The half-life of a reaction, symbolized as \(t_{1/2}\), is the time required for the concentration of a reactant to decrease to half of its initial value. In first-order reactions, the half-life is independent of the initial concentration and can be calculated using the formula:
\(t_{1/2} = \frac{0.693}{k}\),
where \(k\) is the rate constant. This relationship underscores the significance of half-life in first-order reactions, as it remains constant regardless of the concentration, unlike in reactions of other orders. By calculating the half-life or using the given half-life, we can infer the rate constant and later use it to determine the concentration of reactants or products at any time.

Concentration Calculation

Calculating the concentration of reactants or products in a chemical reaction is a fundamental skill in chemistry. Concentration refers to the amount of a substance within a certain volume of solution and is often expressed in molarity (M), which is moles per liter.
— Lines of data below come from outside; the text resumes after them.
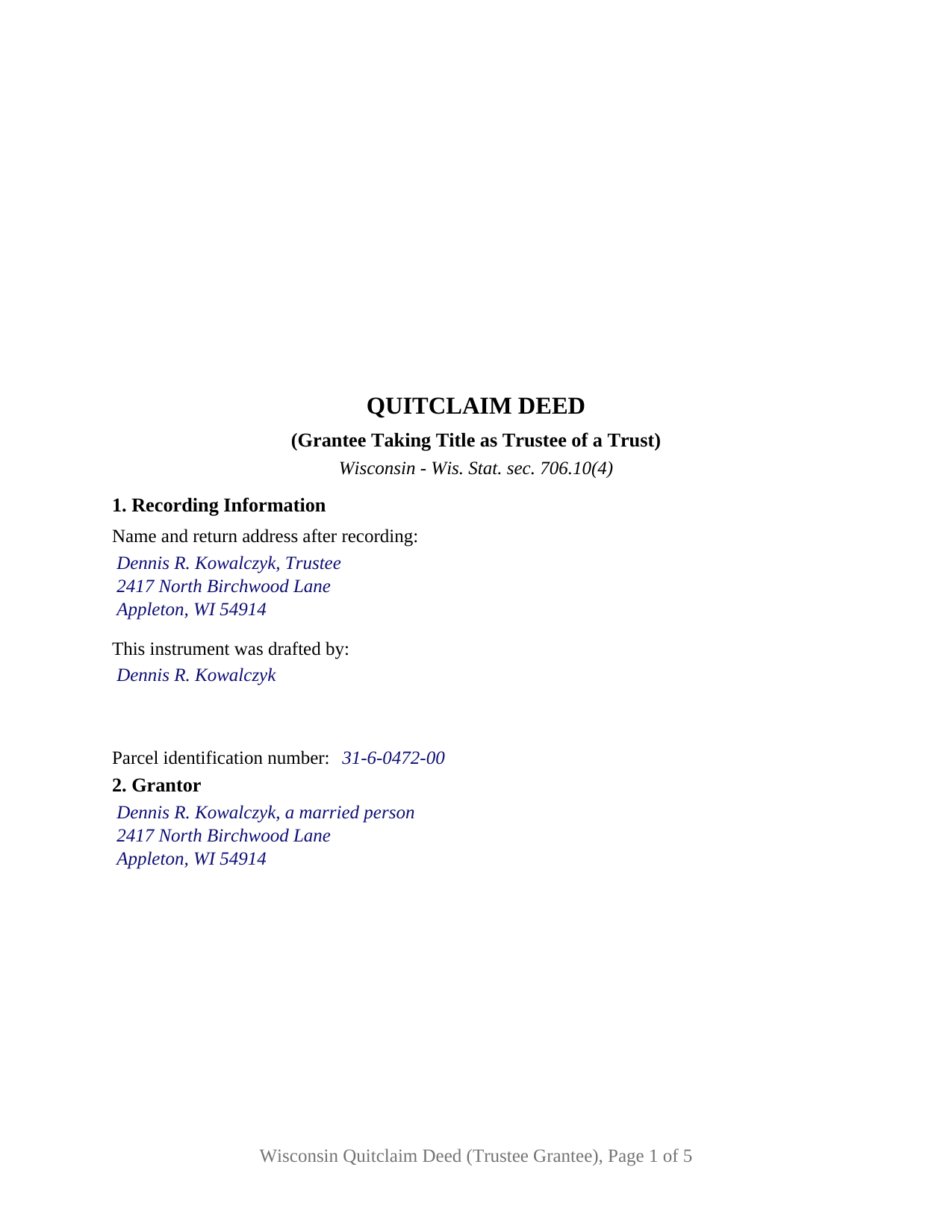 Brown County Completed Example of the Quitclaim Deed (Trustee Grantee) Document
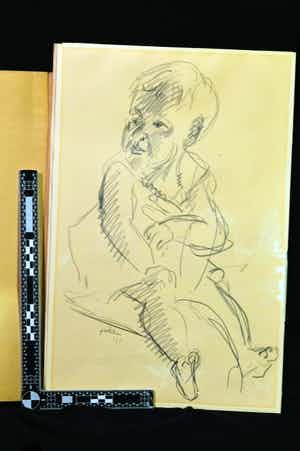 Jan van der Zee - 6 houtskoolschetsen van een zuigeling - 1955 verkocht voor € 45!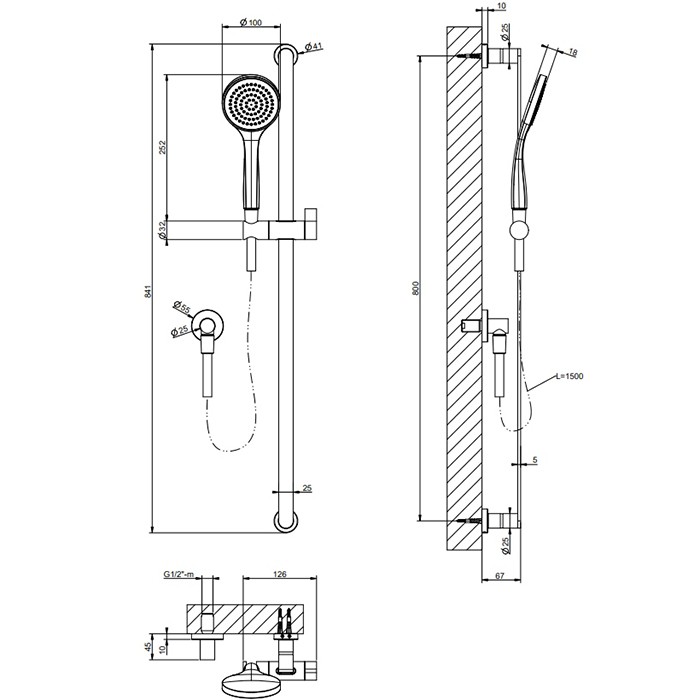 Gessi Душевой гарнитур, с ручным душем, шланг 1,5м и вывод воды, Emporio shower, 47264#149 цвет: finox brushed nickel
In the given disproportionation reaction, we use the initial mass of \(\text{InCl}(s)\) to determine the moles and then divide by the volume of the solution in liters to find the initial concentration of \(\text{In}^{+}(aq)\). To find the concentration after a certain time, we apply the first-order kinetic model and use the rate constant \(k\) to calculate how the concentration changes with time.

Molar Mass

Molar mass, represented by \( MM \), is the mass of one mole of a substance, usually expressed in grams per mole (g/mol). It is a critical value for converting between the mass of a substance and the number of moles. In our exercise, to find the moles of \(\text{InCl}(s)\) dissolved, we need its molar mass, which we obtain by summing the atomic masses of indium (In) and chlorine (Cl) from the periodic table. Knowing the molar mass allows us to perform stoichiometric calculations and understand the relationship between the mass of a substance and the amount in moles.

Moles and Molarity

Moles and molarity are two significant concepts in chemistry that serve as a bridge between the microscopic world of atoms and molecules and the macroscopic world we measure in the lab. A mole represents Avogadro's number of particles, which is \(6.022 \times 10^{23}\) entities, and reflects the quantity of substance. Molarity is the concentration of a solution expressed as the number of moles of solute per liter of solution (mol/L). These concepts are deeply interconnected: to know the molarity, we need the number of moles of solute, which we can calculate using the mass and molar mass of the substance. Once we have the molarity, we can readily engage in various calculations, such as determining reactant and product concentrations at different stages of a reaction.